You have to REUSE a reusable bag 132 times before you reach any carbon/environmental benefit over using the film bags...
The cost of manufacture and transport mean, if you don’t use the reusable bag at least 132 times, you were better off using the film disposable bags...
Now, the reusable bags, have their other issues like becoming contaminated etc... as well.
Its a “feel good” thing, not a real solution, to use re-useable bags.
I like the disposable ones the stores supply. They are very useful, and the ones I don’t need I just burn. The trees love me for it.
We should do it like all the other third world countries and just have women and kids bring stuff back from the store in baskets balanced on their heads.
The plastic bags are good for picking up dog poop.
I have cloth bags labeled for Save Mart and WinCo Foods. Have no problem keeping them clean—I just wash them in a sink with warm, soapy water and then air dry them.
At home I use them to line trash cans, start charcoal chimneys, carry items to other locations, and . . . I always bring a handful when traveling to Calizuela.
In Calizuela, we can buy the paper bags for 10 cents.

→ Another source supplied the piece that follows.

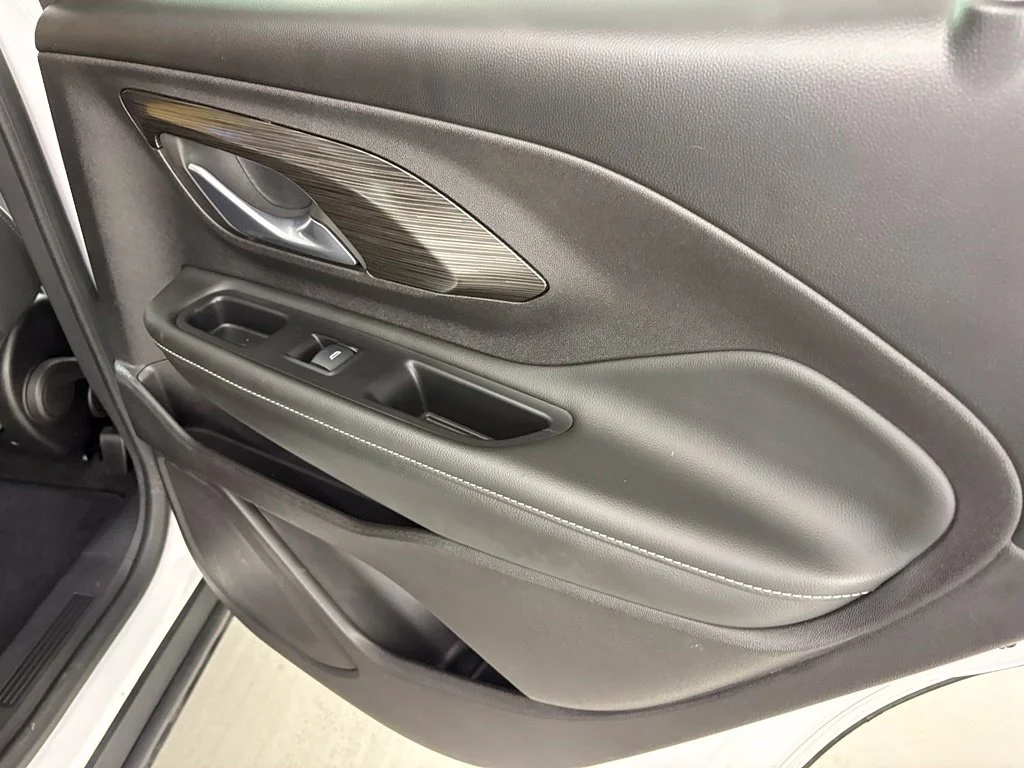Used 2024 White GMC SLE image 37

They have a lot uses as you noted.
Fry’s Food (Kroger) in AZ offers them for free.
“someone decided to help themselves to taking one from our shopping cart when we happened to walk away for a minute looking for something.”
2 weeks ago someone stole my cloth bag while I was shopping. They had to move some heavy bottles/containers to get to them.
I used to use those bags for the trash. No more. So I bought some trash bags, made out of plastic, which go into the dump the exact same way that the old bags did.
Politicians, stop trying to control us!
Up to the 1960s here and much later in Europe, mesh bags were common. They were good for everything, even carrying live chickens (did that). Easy to clean in the sink. Very little material used.